Secondo i dati Nielsen, la pressione promozionale della Gdo italiana è calata fino ad attestarsi al di sotto del 20%, contro il 26% che aveva caratterizzato il periodo precedente all’emergenza da pandemia di Covid-19. Il picco delle offerte risale al 2014, quando quasi un terzo dei prodotti venduti nella grande distribuzione era in offerta.

MENO PROMOZIONI IN GDO: ECCO PERCHÉ

Per trovare un livello così basso di offerte promozionali bisogna tornare alla fine dello scorso millennio, nell’era pre-euro – afferma Romolo De Camillis, Retailer service director di Nielsen Connect in Italia -. Registriamo meno promozioni nel carrello della spesa. Alcune tra quelle pianificate sono state cancellate per indisponibilità delle merci o per evitare di dover gestire dei picchi di vendite. Inoltre, l’esplosione degli acquisti nei supermercati piccoli e di prossimità, dove le promozioni sono più contenute, ha contribuito alla riduzione della pressione. Il calo delle offerte ha aumentato il livello dei prezzi nonostante molte catene abbiano bloccato i listini per quelle merci non vendute in promozione”.

LA REAZIONE DELLE INSEGNE

Secondo Domenico Brisigotti, direttore commerciale area Food di Coop Italia, “la tendenza aumenterà nelle prossime settimane. E’ cambiato il modo di fare la spesa con una maggiore velocità prestando più attenzione alla sicurezza che alle offerte”. Il trend sembra anche influenzato dalla difficoltà nel raggiungere i negozi più grandi al di fuori dei centri urbani. Proprio quelli caratterizzati da una maggiore pressione promozionale.

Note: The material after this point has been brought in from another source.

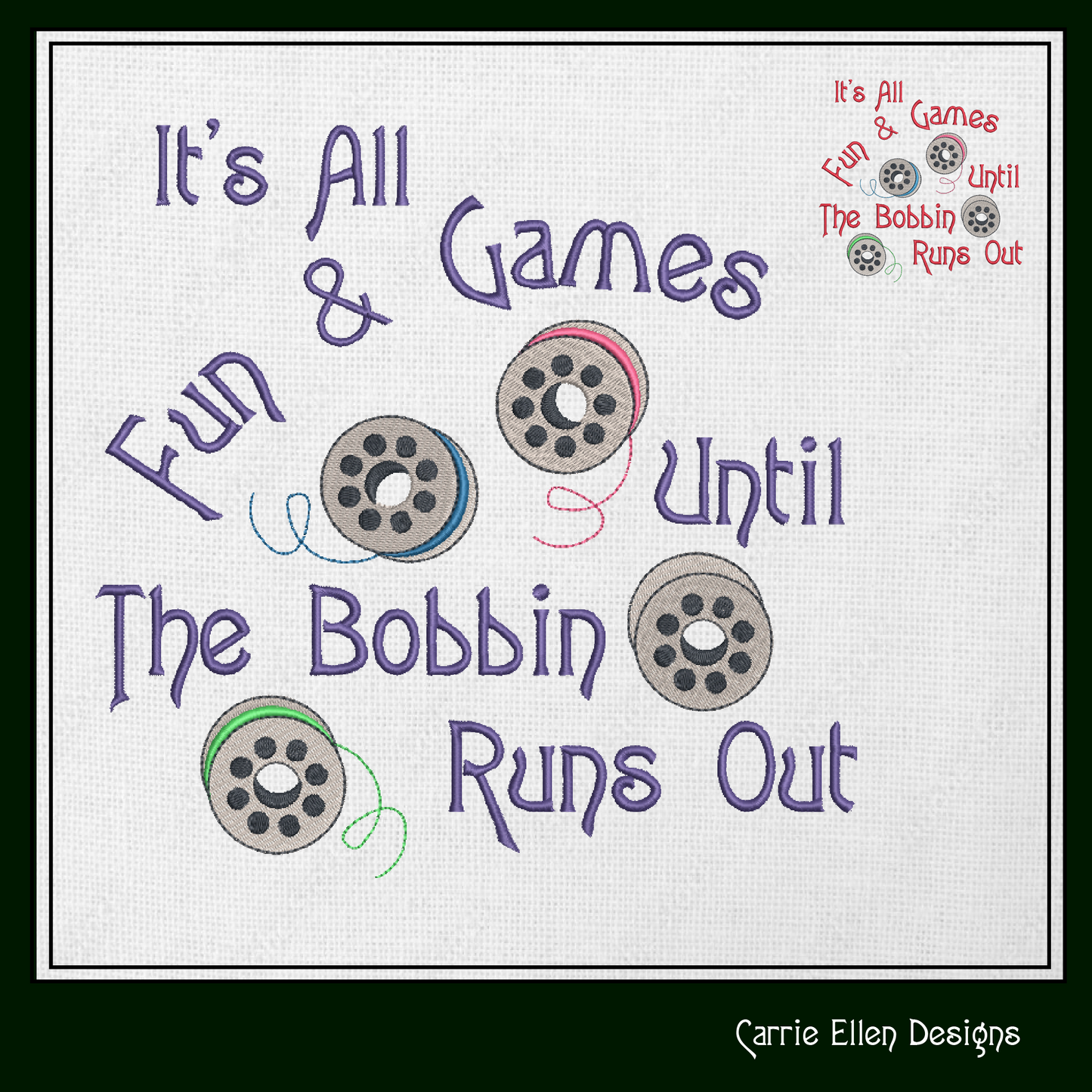 Bobbin Thread Machine Embroidery Design – "It's All Fun and Games" Humorous Sayings and Quotes, 6 Sizes (1254)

Non ci sono state variazioni alle iniziative promozionali – sostiene il Direttore generale di Conad Francesco Avanzinima la pressione complessiva è calata perché gli acquisti delle famiglie si sono concentrati su prodotti che non erano oggetto delle nostre promozioni”. Una conferma in questo senso arriva da Esselunga: “Non abbiamo diminuito il numero dei prodotti e nemmeno la frequenza delle campagne. Ma c’è stato un calo delle vendite dei prodotti in offerta, perché i clienti hanno preferito quelli di prima necessità”.

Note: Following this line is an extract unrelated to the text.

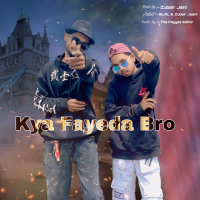 Kya Fayda Bro (Single)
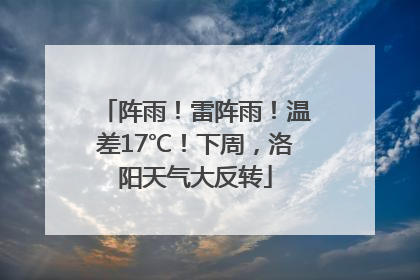 阵雨！雷阵雨！温差17℃！下周，洛阳天气大反转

Altre insegne, come Basko, hanno invece rimodulato le offerte. “Abbiamo rivisto le promozioni in funzione delle disponibilità dell’industria di marca, che non riusciva a fare fronte ai volumi richiesti visto che a marzo le vendite sono cresciute di un quarto. Per i prodotti con i nostri brand la promozionalità è calata di due punti. Inoltre abbiamo rimodulato l’offerta dei prodotti LCC, dove la pressione è calata di 8 punti percentuali”.